In retrospect, the ASDE Board and organizing team realizes that the organization operated without a full shared awareness of how it prioritized and overwhelmingly amplified white, US, and male contributions to Self-Directed Education. Our unwitting reliance on formal corporate governance protocols didn’t support the depth and transparency of communication so crucial to inclusion and accommodating other cultural norms.

We have been working to create a shared awareness and shift the way we function as an organization, and we are committing to move forward in new ways in order to facilitate a more nuanced understanding of the many ways Self-Directed Education is named and practiced by people worldwide. The organizing team of ASDE believes strongly that the liberation of children is intrinsically tied to liberation of all people. Moving forward, alliance members must commit to actively opposing systems of colonization and oppression.

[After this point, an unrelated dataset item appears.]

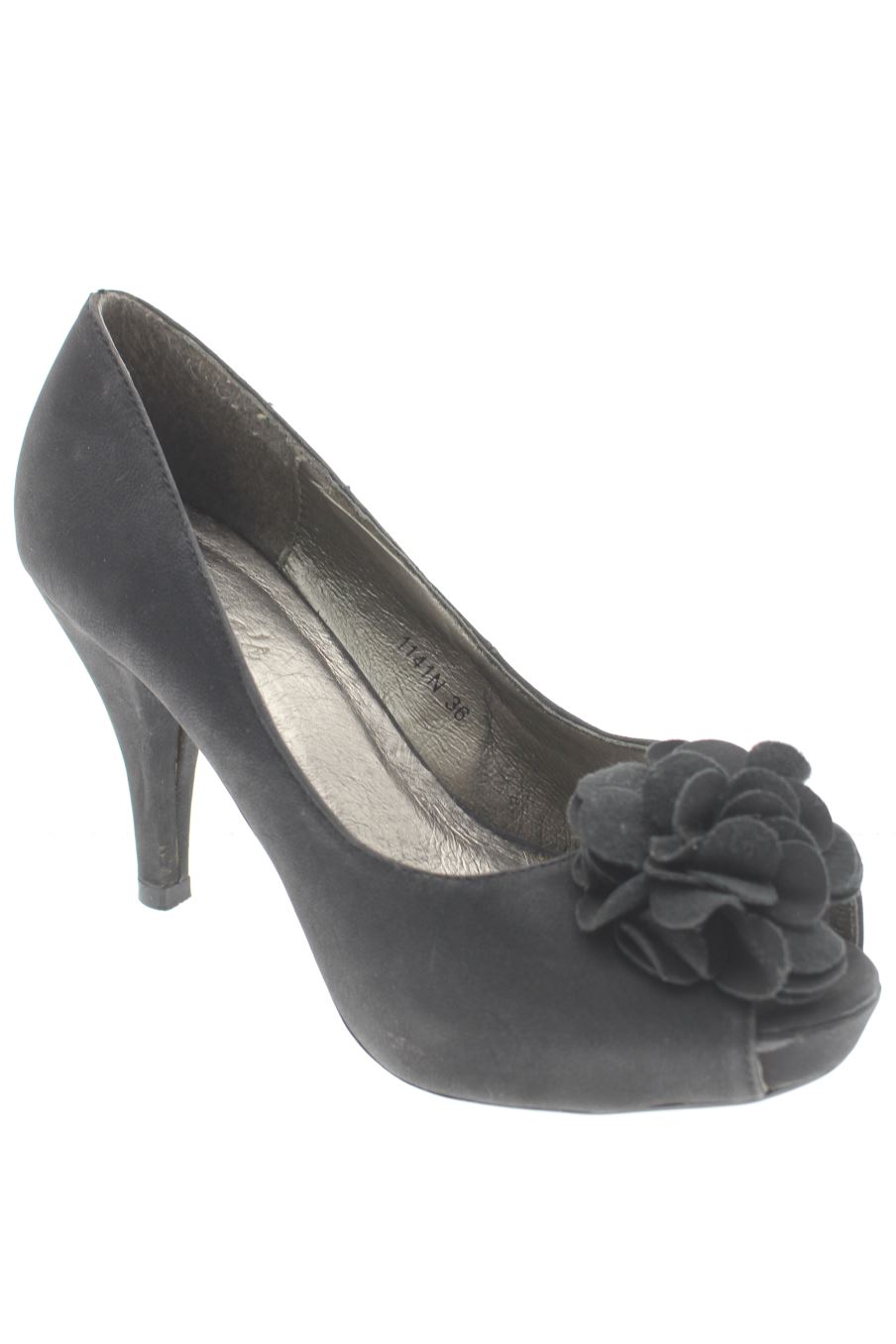 Sandalias tacon de Clara´s de la talla 36, de color negro de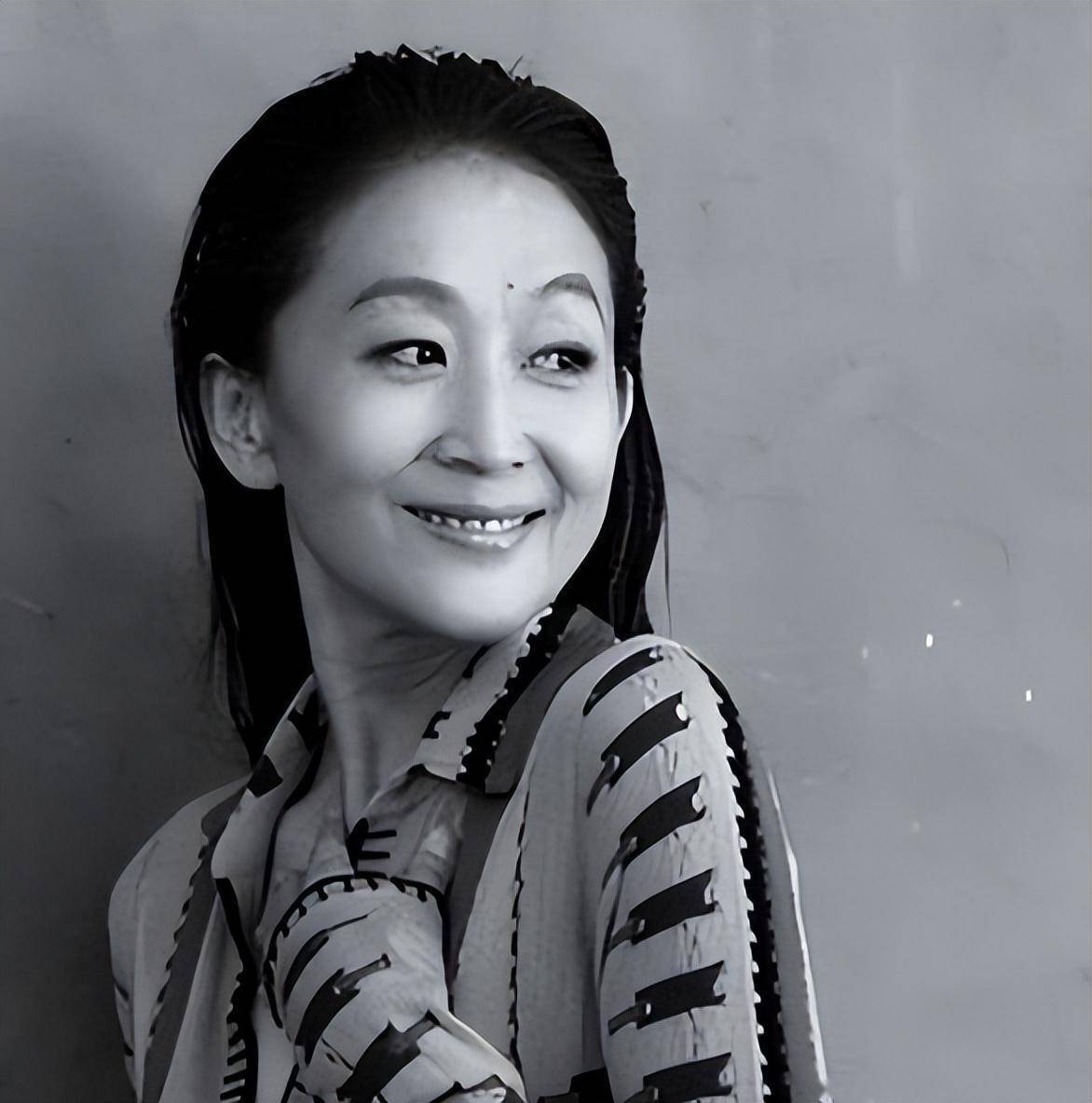 影后陈瑾与兄约定不婚不嫁相互养老多年与巫刚同居不领证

The landscape of Self-Directed Education encompasses parenting, living, community-building, deschooling, decolonization, disruption – as practices toward youth liberation. When we say youth liberation, we are talking about the liberation of all young people. As young people take back their original freedom of self-direction, a commitment emerges not just to the abolition of coercive educational practices, but of all systems and ways of being that seek to demean, diminish, and oppress people.

Liberation cannot mean freedom for some but not others. Our efforts must benefit all children, not just the most privileged. And since SDE is the civil justice work of liberating young people, part of its work must be the liberation of all marginalized people. This includes Black, non-Black Indigenous, and People of Color; queer, trans, and gender non-conforming people; disabled people; neurodiverse people; and others.

Young people live among systems, relationships, caregivers, and communities where oppression affects everyone. If the adults and elders in the community are not striving for a liberated mindset, they cannot expect to raise liberated children. We invite our members into this work, eager for further conversation, collaboration, conspiration, and revolution.